Post by StephenRYUUUU on Mon May 11, 2015 3:28 pm

Chapter 14

Elders of Israel come to Ezekiel and Ezekiel prophesizes to them. They have idols in their hearts that prevent them from facing God. God asks Ezekiel whether He should let them inquire of God. God says that He will meet the elders if they have idols in their hearts and meets with a prophet.
At verse 5, it says “I will do this to recapture the hearts of the people of Israel, who have all deserted me for their idols.”
To me, when I first read this verse, I thought God was going to rescue and save the elders when He meets them. Yet, God will cut them off from His people, a punishment towards them for having these idols in their hearts over God.
God also says how if a prophet says a prophecy to one of these elders, then He will also punish Him. When I read this verse, I thought of the chapter 13 in which God condemns false prophets. As they were prophesizing about things that God never said, yet claiming it was from God. Similarly, when these prophets talk to the elders, their prophecies are not from God and thus God punishes the prophets if they speak.
This last verse, verse 11 is when God will “Recapture the hearts of the people of Israel” (verse 5). When these idolaters are gone and they have witnessed those who have been punished, they will come back to God.
Something that was noticed in this chapter was when God uses “my people”. God makes it clear that the people of Israelites are His, not of anyone or anything else’s.
“They will be my people and I will be their God.” We can really see how God is still loving and caring for His people still, regardless of all this idolatry and sin, He still says they are His people.
We really see this relational and jealous God from this chapter. Relational from God saying that the Israelites are His people (My). Jealous God, in which He does not want our hearts to be undivided. He wants us to love Him and Him alone.
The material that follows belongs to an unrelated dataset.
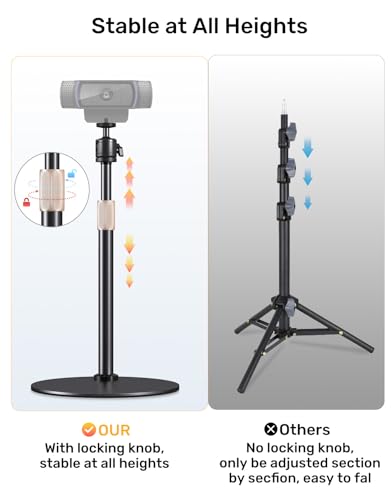 Webcam Tripod Stand for Desk Height Adjustable & 360° Swivel Webcam Mount Compatible with Logitech Webcam C922 C930e C920S C920 C615 C960 NexiGo N60 and BRIO and Other Devices with 1/4" Thread - size: Larger Base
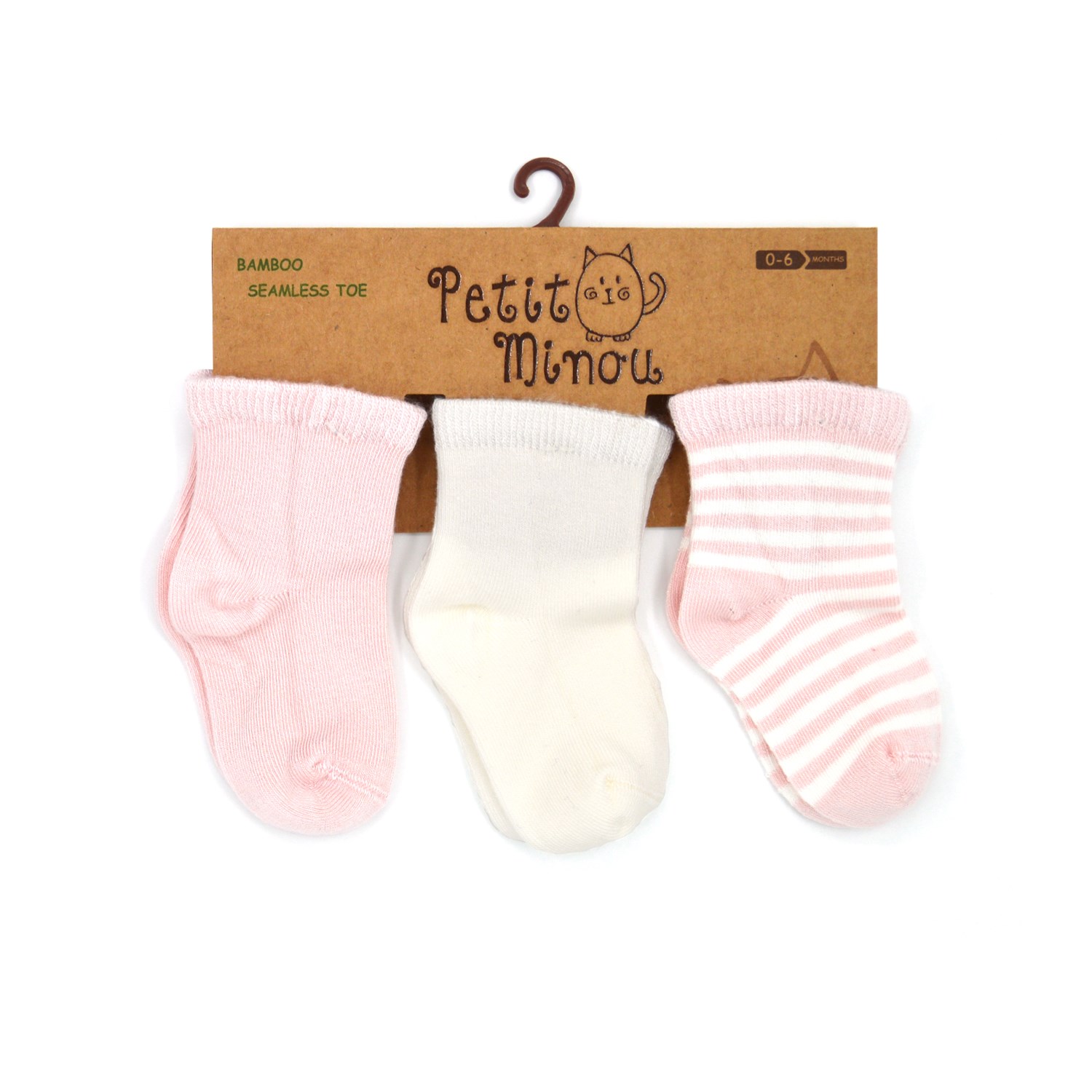 Petit Minou Çizgili 3'lü Soket Bebek Çorabı 2007 Pembe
The next part of this chapter is how God speaks to Ezekiel saying how if He uses His 4 judgments on a sinful country – Noah, Daniel and Job, only these men would be saved from their righteousness, no one else.
What I find interesting is how God is declaring this, not only saying but also declaring. I find the difference in which declaring is really saying it, like an announcement lol. As well, God continually says, “as surely as I live, declares the Sovereign Lord…” I find this contrast ironic as God lives forever, and will never cease to exist. So to me, reading this, it’s as if God is saying, that there is no way what God is saying is not true.
Basically, no one can escape this judgment that He will bring as long as they are sinful.

As the Israelites hearts were filled with so much idolatry and other things over God, when I reflect, how often do I put idols before God. And understanding how God punishes the Israelites, His chosen people from having idols, we as Christians, should continually remove all these things that come in our way before God. Feed ourselves with the good stuff over junk yaknow.

God says to Ezekiel how He will be consoled, comforted when God brings His judgments to Jerusalem. Ezekiel will understand that these actions God will do and why He does them.